Could you reproduce every record below exactly as it stands?

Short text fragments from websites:
[Start of Attachment]
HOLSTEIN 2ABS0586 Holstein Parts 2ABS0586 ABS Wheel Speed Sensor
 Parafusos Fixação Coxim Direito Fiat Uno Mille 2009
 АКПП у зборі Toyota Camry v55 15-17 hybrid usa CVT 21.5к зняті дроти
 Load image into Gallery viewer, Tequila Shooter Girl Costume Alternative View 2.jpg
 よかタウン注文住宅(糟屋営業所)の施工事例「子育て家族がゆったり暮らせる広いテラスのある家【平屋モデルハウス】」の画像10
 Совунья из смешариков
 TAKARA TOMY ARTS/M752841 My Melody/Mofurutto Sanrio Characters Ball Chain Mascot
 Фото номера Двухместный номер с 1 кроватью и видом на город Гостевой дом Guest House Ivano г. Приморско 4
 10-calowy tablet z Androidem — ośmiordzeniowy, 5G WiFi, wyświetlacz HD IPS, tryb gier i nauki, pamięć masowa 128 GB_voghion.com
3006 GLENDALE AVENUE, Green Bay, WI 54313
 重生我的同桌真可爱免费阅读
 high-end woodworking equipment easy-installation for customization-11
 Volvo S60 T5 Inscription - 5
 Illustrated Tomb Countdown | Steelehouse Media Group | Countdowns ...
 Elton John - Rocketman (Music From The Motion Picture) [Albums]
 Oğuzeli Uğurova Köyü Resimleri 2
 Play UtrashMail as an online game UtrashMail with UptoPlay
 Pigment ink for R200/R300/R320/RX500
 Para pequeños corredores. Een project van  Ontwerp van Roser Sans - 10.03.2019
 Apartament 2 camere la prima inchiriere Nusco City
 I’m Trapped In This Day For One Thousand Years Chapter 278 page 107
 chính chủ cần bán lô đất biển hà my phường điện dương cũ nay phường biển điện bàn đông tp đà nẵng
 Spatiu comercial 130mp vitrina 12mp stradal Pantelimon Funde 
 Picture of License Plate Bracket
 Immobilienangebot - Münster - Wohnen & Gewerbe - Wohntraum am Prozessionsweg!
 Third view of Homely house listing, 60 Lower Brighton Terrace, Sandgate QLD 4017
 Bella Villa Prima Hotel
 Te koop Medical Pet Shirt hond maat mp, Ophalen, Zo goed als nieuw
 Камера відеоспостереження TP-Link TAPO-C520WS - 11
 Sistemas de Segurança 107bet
[End of Attachment]
Answer section:
HOLSTEIN 2ABS0586 Holstein Parts 2ABS0586 ABS Wheel Speed Sensor
 Parafusos Fixação Coxim Direito Fiat Uno Mille 2009
 АКПП у зборі Toyota Camry v55 15-17 hybrid usa CVT 21.5к зняті дроти
 Load image into Gallery viewer, Tequila Shooter Girl Costume Alternative View 2.jpg
 よかタウン注文住宅(糟屋営業所)の施工事例「子育て家族がゆったり暮らせる広いテラスのある家【平屋モデルハウス】」の画像10
 Совунья из смешариков
 TAKARA TOMY ARTS/M752841 My Melody/Mofurutto Sanrio Characters Ball Chain Mascot
 Фото номера Двухместный номер с 1 кроватью и видом на город Гостевой дом Guest House Ivano г. Приморско 4
 10-calowy tablet z Androidem — ośmiordzeniowy, 5G WiFi, wyświetlacz HD IPS, tryb gier i nauki, pamięć masowa 128 GB_voghion.com
3006 GLENDALE AVENUE, Green Bay, WI 54313
 重生我的同桌真可爱免费阅读
 high-end woodworking equipment easy-installation for customization-11
 Volvo S60 T5 Inscription - 5
 Illustrated Tomb Countdown | Steelehouse Media Group | Countdowns ...
 Elton John - Rocketman (Music From The Motion Picture) [Albums]
 Oğuzeli Uğurova Köyü Resimleri 2
 Play UtrashMail as an online game UtrashMail with UptoPlay
 Pigment ink for R200/R300/R320/RX500
 Para pequeños corredores. Een project van  Ontwerp van Roser Sans - 10.03.2019
 Apartament 2 camere la prima inchiriere Nusco City
 I’m Trapped In This Day For One Thousand Years Chapter 278 page 107
 chính chủ cần bán lô đất biển hà my phường điện dương cũ nay phường biển điện bàn đông tp đà nẵng
 Spatiu comercial 130mp vitrina 12mp stradal Pantelimon Funde 
 Picture of License Plate Bracket
 Immobilienangebot - Münster - Wohnen & Gewerbe - Wohntraum am Prozessionsweg!
 Third view of Homely house listing, 60 Lower Brighton Terrace, Sandgate QLD 4017
 Bella Villa Prima Hotel
 Te koop Medical Pet Shirt hond maat mp, Ophalen, Zo goed als nieuw
 Камера відеоспостереження TP-Link TAPO-C520WS - 11
 Sistemas de Segurança 107bet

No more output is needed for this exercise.